Pick out and copy every line below that has the word "изображение".

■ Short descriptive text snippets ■
=-=-=-=-=
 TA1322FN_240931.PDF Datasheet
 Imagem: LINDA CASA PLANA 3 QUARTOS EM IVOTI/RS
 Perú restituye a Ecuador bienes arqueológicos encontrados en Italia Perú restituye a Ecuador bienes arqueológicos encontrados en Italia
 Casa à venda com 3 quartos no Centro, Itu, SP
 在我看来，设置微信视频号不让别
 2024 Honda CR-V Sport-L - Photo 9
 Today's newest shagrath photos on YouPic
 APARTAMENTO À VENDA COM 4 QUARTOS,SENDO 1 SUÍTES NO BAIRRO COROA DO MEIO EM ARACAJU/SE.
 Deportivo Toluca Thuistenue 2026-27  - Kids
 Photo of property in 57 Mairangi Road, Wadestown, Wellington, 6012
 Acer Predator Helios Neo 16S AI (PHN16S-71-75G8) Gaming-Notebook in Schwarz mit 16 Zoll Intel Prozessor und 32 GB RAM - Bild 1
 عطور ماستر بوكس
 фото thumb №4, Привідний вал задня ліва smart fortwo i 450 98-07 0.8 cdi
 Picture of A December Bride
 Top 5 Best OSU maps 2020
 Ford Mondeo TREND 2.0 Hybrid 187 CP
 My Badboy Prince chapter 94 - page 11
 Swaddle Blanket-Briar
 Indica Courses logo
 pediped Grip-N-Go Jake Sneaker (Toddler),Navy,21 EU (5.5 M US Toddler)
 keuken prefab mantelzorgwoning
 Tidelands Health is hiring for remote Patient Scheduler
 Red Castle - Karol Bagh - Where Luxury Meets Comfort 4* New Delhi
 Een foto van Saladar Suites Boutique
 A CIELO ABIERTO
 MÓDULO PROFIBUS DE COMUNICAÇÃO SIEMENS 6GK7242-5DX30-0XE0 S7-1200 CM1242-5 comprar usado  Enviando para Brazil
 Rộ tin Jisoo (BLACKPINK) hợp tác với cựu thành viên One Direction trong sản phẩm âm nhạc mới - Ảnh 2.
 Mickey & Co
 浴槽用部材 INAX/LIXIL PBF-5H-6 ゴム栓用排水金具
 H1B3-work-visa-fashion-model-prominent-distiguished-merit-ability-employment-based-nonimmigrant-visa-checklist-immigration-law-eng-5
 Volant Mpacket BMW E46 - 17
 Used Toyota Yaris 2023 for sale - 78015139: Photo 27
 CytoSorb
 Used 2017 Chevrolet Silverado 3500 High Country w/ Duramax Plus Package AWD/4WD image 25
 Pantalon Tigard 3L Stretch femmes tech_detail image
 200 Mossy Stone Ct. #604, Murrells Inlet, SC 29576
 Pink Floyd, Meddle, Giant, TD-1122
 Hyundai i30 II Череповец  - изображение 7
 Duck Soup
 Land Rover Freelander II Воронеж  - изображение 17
=-=-=-=-=
■ COMPLETED EXERCISE ■
 Hyundai i30 II Череповец  - изображение 7
 Land Rover Freelander II Воронеж  - изображение 17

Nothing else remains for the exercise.